People get passionate about their choice of mattress. It’s worse than opposing sports teams. My mom, her sister, and my cousin were/are diehard Sleep Number people. Mention Tempur-Pedic to them over Thanksgiving dinner and you’ll find yourself outside on your keister faster than you can say “who took my turkey leg”. They can tell you what their respective sleep #s are, how much REM they average, and how they miss having actual bed remotes over a phone app. There’s only one issue. The current price for a top-of-the-line Sleep Number setup with all the bells and whistles costs more than the car I drive. I am not kidding. Tempur-Pedic, another absurdly expensive brand, swears it will keep you cool at night, change your blood pressure, reduce your cholesterol, and make your coffee. Seriously, though, we should play two truths and a lie with this advertising because it is wild. Then, there’s the world of internet mattresses, meaning you order them and they materialize on your porch immediately, in a tiny box. Just like me removing my Spanx after a long day, these boxes spawn massive clouds of mattresses like a busted can of biscuits. The only downside is you don’t get to try before you buy. More on that later. Then there are showrooms full of hybrid mattresses, the ratatouille of slumber surfaces. Let’s take a little bit of memory foam, a dash of latex, a handful of coils, and a sprinkle of bamboo and voila – here’s a mattress for you and most Ramada Inns around the country. This has been our life for the last year. We tested and poked and prodded and rolled around a vast number of mattress stores. We chose an internet mattress – two of them with conjoined bases. They reclined, massaged, went to zero gravity, and, cutting to the chase, were awful. The sides collapsed. They didn’t cure my postmenopausal hot flashes as they claimed. And, everything from our 27 remote controls to our old weenie dog fell between those mattresses.
We now have the nicest guest room in town, fancy mattresses and all. And, what did we do, you are wondering. Are they sleeping on the floor? Did they hang hammocks, Gilligan’s Island style? Actually, we are sleeping like angels.
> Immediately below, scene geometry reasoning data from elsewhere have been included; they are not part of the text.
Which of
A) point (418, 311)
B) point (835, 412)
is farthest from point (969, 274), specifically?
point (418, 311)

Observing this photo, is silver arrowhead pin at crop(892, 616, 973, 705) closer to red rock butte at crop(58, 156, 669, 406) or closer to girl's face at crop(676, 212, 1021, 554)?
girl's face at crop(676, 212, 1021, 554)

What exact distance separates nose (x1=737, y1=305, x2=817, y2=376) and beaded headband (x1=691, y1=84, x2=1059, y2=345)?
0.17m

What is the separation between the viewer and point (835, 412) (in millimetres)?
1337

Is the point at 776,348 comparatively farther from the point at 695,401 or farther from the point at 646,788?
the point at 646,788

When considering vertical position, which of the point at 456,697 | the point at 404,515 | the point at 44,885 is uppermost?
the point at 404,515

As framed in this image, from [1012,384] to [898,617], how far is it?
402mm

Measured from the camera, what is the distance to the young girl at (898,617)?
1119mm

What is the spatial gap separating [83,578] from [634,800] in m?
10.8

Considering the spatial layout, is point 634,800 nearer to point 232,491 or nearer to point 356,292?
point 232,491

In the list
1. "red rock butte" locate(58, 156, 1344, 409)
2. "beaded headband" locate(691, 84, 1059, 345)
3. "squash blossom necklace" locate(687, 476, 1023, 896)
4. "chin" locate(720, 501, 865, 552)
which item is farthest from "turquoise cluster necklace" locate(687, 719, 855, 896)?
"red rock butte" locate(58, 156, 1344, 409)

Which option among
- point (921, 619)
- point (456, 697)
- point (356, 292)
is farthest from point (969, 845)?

We took the barely used extraordinarily firm mattress we bought for my mother before she moved into nursing care – the kind they keep in the back of the mattress store but don’t display because it doesn’t require financing and added a 3-inch memory foam topper and a bamboo thingamabobber to the top. It’s soft yet offers support. It’s lux, yet it doesn’t make my hip bursitis flair. All our remotes, and the old weenie dog, congregate in the middle like a tiny meadow of electronics that snore and shed just a little bit. Most of all, we are happy, rested, and unfinanced.